HPE OneView
1832857 Members
3080 Online
110048 Solutions
New Discussion

Re: Replace VC Blade

 
SOLVED
Go to solution
Mike1295
Frequent Advisor

Replace VC Blade

Hello,

I recently updated my Synergy 12000 with the most recent SSP for the Gen10 blades, SY-2022.08.01.

The firmware install went fine all the way up to upgrading the Interconnet firmware.  The message prior to the install was that it should only take around 25 minutes to complete but when I checked 3 hours later, it was still running on the first interconnect.   It eventually finished/failed.  It stated that it was running 1.9 firmware and that the other interconnect was on 1.8 so I had a mismatch.  I forced the second one to update and it completed and came up fine.   There doesn't appear to be an issue with the firmware, only that it hung on my install for some reason.

After the second interconnect finished I began receiving error messages stating that several of the downlink ports on the first IC were down.  They showed "disabled" and I could not enable them. 

I opened a ticket with HPE but so far, they haven't fixed the issue.  Their last message was that I should attempt a reset of the VC mezz card but that I should wait for them to put together a plan for me.  That was 2 days ago.

Other than backing up the enclosure configs what should I be cautious of?  I figured that the process was press the button, wait for the mezz card to initialize and then reapply the configurations.  Does that sound correct?

-Mike

10 REPLIES 10
DanCernese
HPE Pro

Re: Replace VC Blade

What's the case#?  If I were you.. I would do a 'reset' on each VC module in sequence first.  You did not describe what is running on the compute modules-- did you also update the compute module mezz card firmware to match the infrastructure?  ...because if it's too far off (like a lot), they may not be able to stay connected; the OS drivers also have a strong play in that space too.  It could be the downlinks are down because the drivers are not compatible.  



I work at HPE
HPE Support Center offers support for your HPE services and products when and how you need it.
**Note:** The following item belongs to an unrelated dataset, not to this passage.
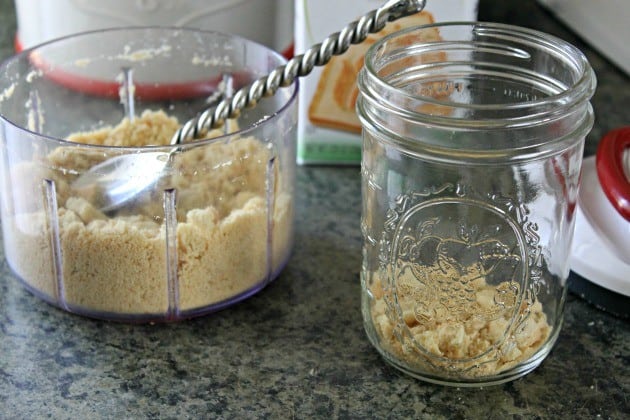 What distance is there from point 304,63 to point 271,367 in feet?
0.68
Get started with HPE Support Center today.
[Any personal opinions expressed are mine, and not official statements on behalf of Hewlett Packard Enterprise]
Accept or Kudo
Mike1295
Frequent Advisor

Re: Replace VC Blade

Thanks for the quick response!

You are correct, I glossed over a lot of the fine details.
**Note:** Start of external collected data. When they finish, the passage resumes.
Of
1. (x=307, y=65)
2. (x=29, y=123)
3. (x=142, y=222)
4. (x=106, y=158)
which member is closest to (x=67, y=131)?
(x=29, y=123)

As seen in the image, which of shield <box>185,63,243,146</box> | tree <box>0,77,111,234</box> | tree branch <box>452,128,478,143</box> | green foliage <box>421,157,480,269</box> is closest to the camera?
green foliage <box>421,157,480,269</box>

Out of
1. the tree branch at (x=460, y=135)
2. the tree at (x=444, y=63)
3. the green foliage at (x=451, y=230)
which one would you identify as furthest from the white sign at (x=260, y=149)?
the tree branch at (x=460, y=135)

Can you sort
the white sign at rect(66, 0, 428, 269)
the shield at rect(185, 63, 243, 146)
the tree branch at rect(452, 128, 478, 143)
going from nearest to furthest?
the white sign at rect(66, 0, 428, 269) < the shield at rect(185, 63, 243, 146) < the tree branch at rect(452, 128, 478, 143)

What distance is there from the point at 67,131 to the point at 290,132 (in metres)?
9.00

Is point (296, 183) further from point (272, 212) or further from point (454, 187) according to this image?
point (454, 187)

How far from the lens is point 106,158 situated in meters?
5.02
HPE Support Case 5366626248

We are running VMware ESXi 7.0.3 on the blades. and OneView 6.6 on the appliance.  We have Composer 1's so 6.6 is as high was we can go for now.  The blades are all SY480 Gen10's.
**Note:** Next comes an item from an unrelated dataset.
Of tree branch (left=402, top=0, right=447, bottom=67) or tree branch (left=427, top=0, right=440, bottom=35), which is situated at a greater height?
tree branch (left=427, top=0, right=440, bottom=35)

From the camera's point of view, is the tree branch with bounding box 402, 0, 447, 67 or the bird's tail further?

I understand your point on the driver support, but one Interconnect is fine and the guests and hosts respond to pings, etc., so it looks as though the drivers work ok.  We are using the QLogic FCoE's with qfle3f drivers.

qlnativefc: QLogic Fibre Channel HBA Driver 4.1.34.0-1OEM.700.1.0.15843807 QLogic NetXtreme II 10 Gigabit Network/iSCSI/FCoE E3 drivers for VMware ESXi 3.0.157.0-1OEM.700.1.0.15843807

If these drivers aren't the best ones, please let me know and I can update them to see if it helps.

We're sort of stuck with updates at the moment, though.  With only 1 mezz card working, it will take a little planning to install as this has some productions machines that can't be migrated off outside of a maintenance window.

-Mike

Mike1295
Frequent Advisor

Re: Replace VC Blade

Oh, and when you mentioned that I should "reset" my VC's, do you mean perform a software reset, or a hardware reset?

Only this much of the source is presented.